People like Christian Allard, who could make laws in Scotland as an MSP and vote for Scotland’s independence, but cannot vote in this referendum:
When a young 20 year old living in his home town of Dijon in Burgundy, France, decided to travel the world, he never realised that his first stage, Scotland, would be his final destination. I came to Scotland to open an office in Glasgow for a European seafood logistic group in the 80s. I met my wife and moved 20 years ago from Glasgow to the North East of Scotland in Aberdeenshire with our 3 young daughters.
I’m proud to call Scotland my home, it’s a wonderfully welcoming country with such a huge potential. I exported Scottish seafood for many years, promoting the best that we have at home and abroad.
With my experience in the fishing industry, I became involved in my community and in local politics, then I joined the Scottish National Party, where, again, I was warmly welcomed. As someone who was not born here, it is sometimes easier to see the huge opportunities that we have here at our doorstep.

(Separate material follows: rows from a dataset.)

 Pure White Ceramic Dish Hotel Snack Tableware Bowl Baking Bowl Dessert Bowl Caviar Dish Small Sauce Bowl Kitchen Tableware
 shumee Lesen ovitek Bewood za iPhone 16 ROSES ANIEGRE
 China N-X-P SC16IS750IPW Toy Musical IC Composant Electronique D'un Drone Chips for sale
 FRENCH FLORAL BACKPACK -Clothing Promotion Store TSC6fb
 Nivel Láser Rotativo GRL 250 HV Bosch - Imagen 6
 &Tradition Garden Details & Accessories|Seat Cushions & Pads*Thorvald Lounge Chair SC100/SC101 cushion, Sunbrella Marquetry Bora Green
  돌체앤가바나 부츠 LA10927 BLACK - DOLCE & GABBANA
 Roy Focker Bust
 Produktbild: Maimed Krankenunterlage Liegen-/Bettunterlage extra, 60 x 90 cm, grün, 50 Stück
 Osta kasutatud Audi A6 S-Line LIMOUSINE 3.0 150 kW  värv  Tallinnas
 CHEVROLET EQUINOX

In 1997, I voted for the Scottish Parliament to be, or more accurately to be reconvened after a 300 years interruption. I voted in every Scottish, local and European elections thereafter. In 2011, I decided to demonstrate how modern and inclusive democracy Scotland really is. I put my name forward to become a Member of the Scottish Parliament (MSP) for the North East of Scotland.
As a Frenchman living in Scotland, to be elected to sit in the Scottish Parliament was very humbling. It has been an honour and a privilege to serve the people of the North East of Scotland as a regional MSP from 2013 to May 2016.

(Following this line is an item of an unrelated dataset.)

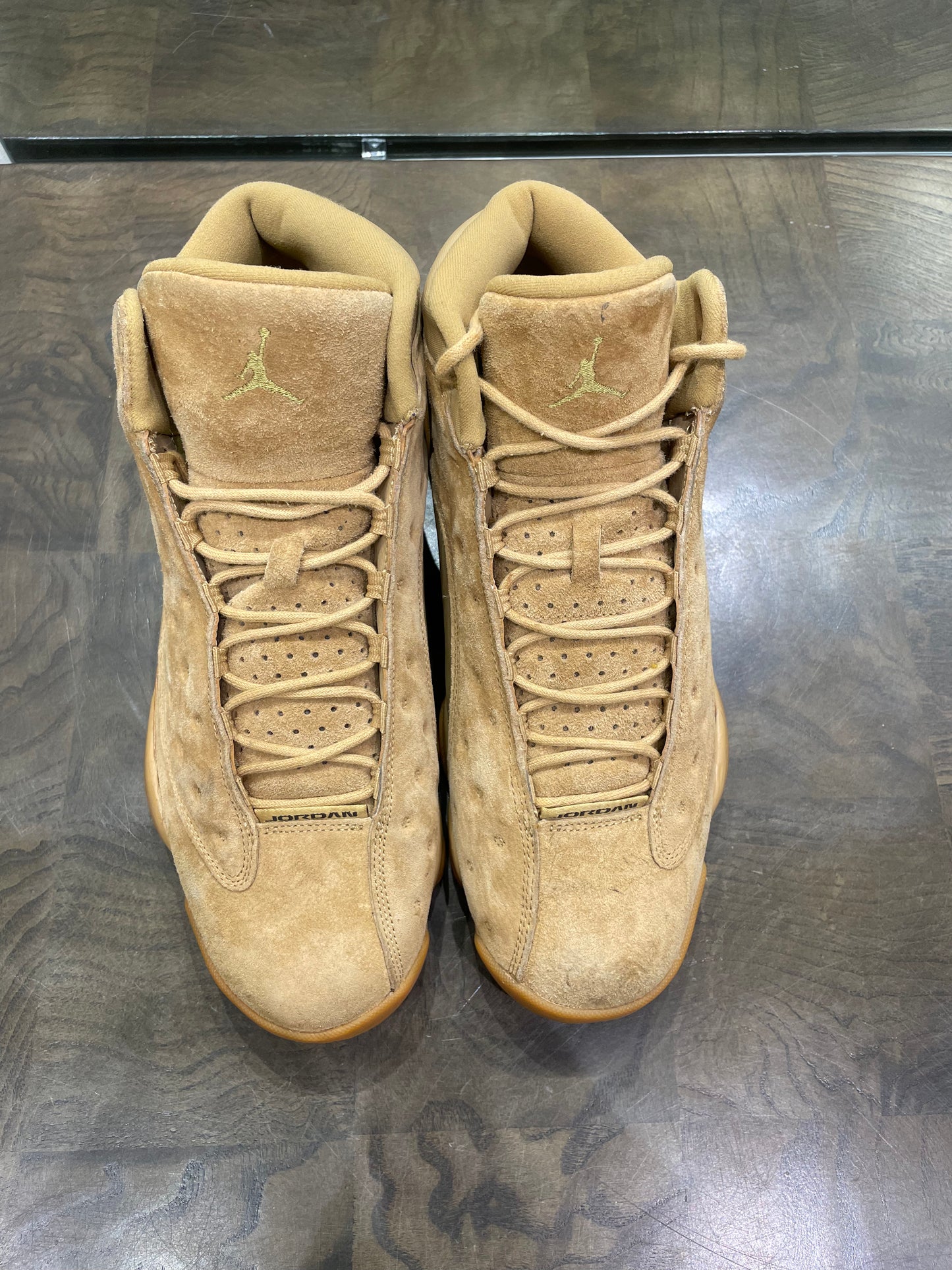 Jordan 13 Wheat (Used)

We are living in the 21st century, our world has changed for the better, people are now travelling and setting up across the globe like never before. Our history shows that generations of Scottish people have migrated away from Scotland, this is why it is easier for us to now welcome those who are choosing to live here. It is time to open up our home, our nation, our democracy and allow everyone who lives here to contribute to society.

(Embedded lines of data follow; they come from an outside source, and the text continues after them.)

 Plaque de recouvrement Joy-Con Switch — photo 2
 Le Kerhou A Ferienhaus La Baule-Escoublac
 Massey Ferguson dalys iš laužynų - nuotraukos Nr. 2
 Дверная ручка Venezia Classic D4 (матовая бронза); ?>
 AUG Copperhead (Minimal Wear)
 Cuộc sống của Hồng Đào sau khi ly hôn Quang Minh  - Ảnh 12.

Let’s remember the words of the late Bashir Ahmed, the Scottish Parliament’s first Muslim MSP who migrated from Pakistan: “It’s not where we came from that’s important, it’s where we’re going together.”
People like those using the #IamanEUmigrant hashtag on Twitter to make their voices heard:
I’m voting Remain not just because I think it’s right, or because it was promised to the people of Scotland who voted in the independence referendum, or even because of the possibility of indyref2: I’m voting because I champion democracy, and don’t like to see it denied to people who deserve to participate. For London Swenglish, Christian, Tanja, Liz, Kris’ wife, Nina, Ellen, Ilona, Pablo, Rick, Ben, Sol, Eva, Ntina, Borghert, Nerea, Alex, Milena, Anne-Grethe, Charlotte, Orjan, Carla, Jennie, Sjoerd, Liesbeth, Samuele, Yanis, Claudia, Fabrizio, David, Miguel, Ann-Marie, Dariusz, Rita, Elin, Heidi, Samuele, Frank, Josefine, Gosia, and all the others who call the United Kingdom their home, yet cannot make this decision with the rest of us.
For all those who desperately want to vote tomorrow, my vote will be for you.